By Lama Thubten Yeshe
Kopan Monastery, Nepal, 1975

This short teaching on the power of mantra was Lama Yeshe's response to a question from a student at Kopan Monastery, Kathmandu, Nepal, 1975. Edited by Chris Kolb. First published in Wisdom Energy 2, Publications for Wisdom Culture, Ulverston, England, 1979.

Lama Yeshe teaching at Manjushri Institute, England, 1976.

It is a common misconception that reciting mantras is an external and unnatural mental exercise, rather than an internal and spontaneous occurrence. Reciting a mantra, however, does not mean the mere vocal repetition of speech syllables. Many meditators know from experience that the act of reciting mantras transcends external sounds and words. It is more like listening to a subtle inner sound that has always inhabited our nervous system.
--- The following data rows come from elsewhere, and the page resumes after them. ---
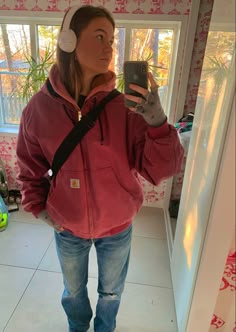 Red Carhartt Jacket Outfit, Carhartt Women Outfits Summer, Pink Carhartt Jacket Outfit, Carhartt Zip Up Hoodie Outfit, Workwear Jacket Women, Green Carhartt Jacket Outfit, Carhartt Jacket Women Outfits, Cathartic Jacket Outfit, Carhartt Coat Women's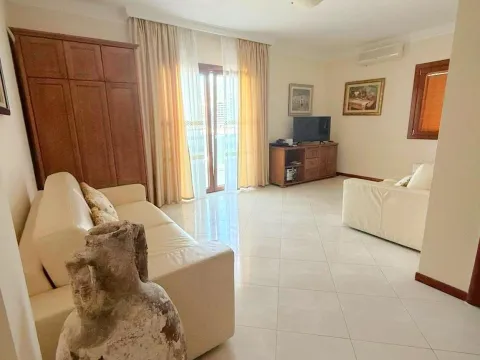 Izdavanje, dvosoban stan, 85m², Rafailovići, Budva - image 2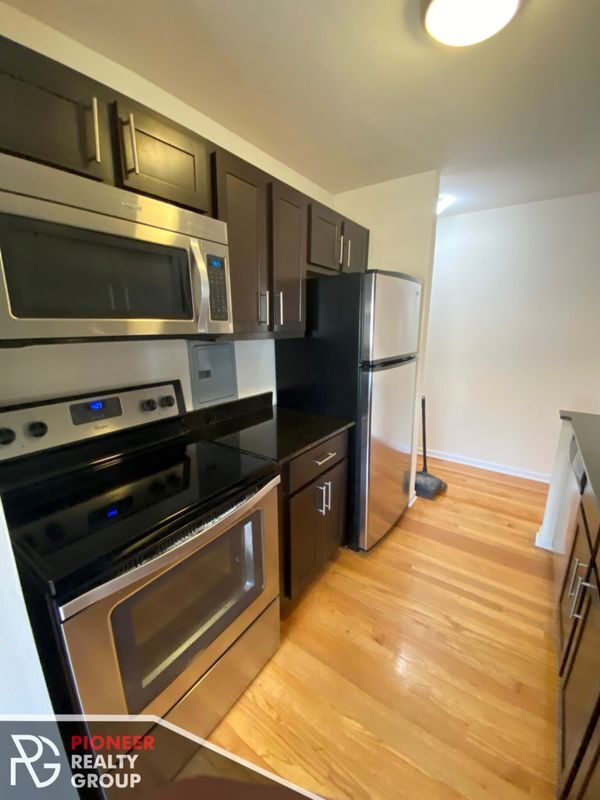 Foto del edificio - 6725 N Sheridan Rd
When we receive the transmission of a mantra from a qualified teacher, the integration of that mantra’s wisdom into our consciousness is greatly facilitated. Through the wisdom-power of mantra we can easily communicate with our own true inner wisdom, while remaining free of external distractions. The normal world-oriented state of mind prevents us from letting go of emotional problems as they arise. These distractions invade our mind and constantly impede our concentration. When we recite a mantra this mental agitation spontaneously subsides, leaving our mind at peace. Mantra brings a stronger, more integrated, single-pointed concentration. It quickly rids us of interruptions caused by our habitual sensory response to external stimuli.

When trying to develop penetrative insight into emptiness, it would be absurd if we had plenty of time for eating and sleeping but no time for reciting mantras. Normally, we have plenty of time for listening to meaningless gossip but no time to develop our wisdom by listening to our inner sound. In actual truth, our inner sound can be the means of attaining perfect samadhi, perfect absorption into reality.

The existence of inner sound cannot be denied. Our nervous system has its own specific inner sound. This is not something that Mahayanists have invented; it is an objective reality that exists within us. For example, the sound ‘ah’ exists within us from the moment of birth. All speech sounds are derived from ‘ah.’ Without ‘ah’ there could be no other sound.

Mantra becomes more powerful when imparted by a qualified teacher who has deep inner experience of the mantra. He has acquired the mantra’s power from his own teacher, and has gained further experience while in retreat. Furthermore, a good teacher creates a situation that heightens our receptivity to the wisdom transmitted by the mantra.

The mantra functions in many ways. The reciting of a mantra a given number of times, combined with concentration, opens our mind instinctively to super-normal powers and insights. Mantras can also be used as therapy for the sick, and can bring peace to the mentally disturbed. This has been the experience of many meditators.

Mantra is energy. It is always pure, and cannot be contaminated by negative thought processes. As mantra is not gross energy, it cannot be corrupted the way sensory phenomena are corrupted by our own minds. One can easily discover the power of mantra for oneself by embarking upon a meditational retreat.

Those endowed with skillful wisdom will naturally attain realizations through the power of mantra. Practitioners of mantra yoga will discover that their inner sound becomes completely one with the mantra itself. Then even their normal speech becomes mantra.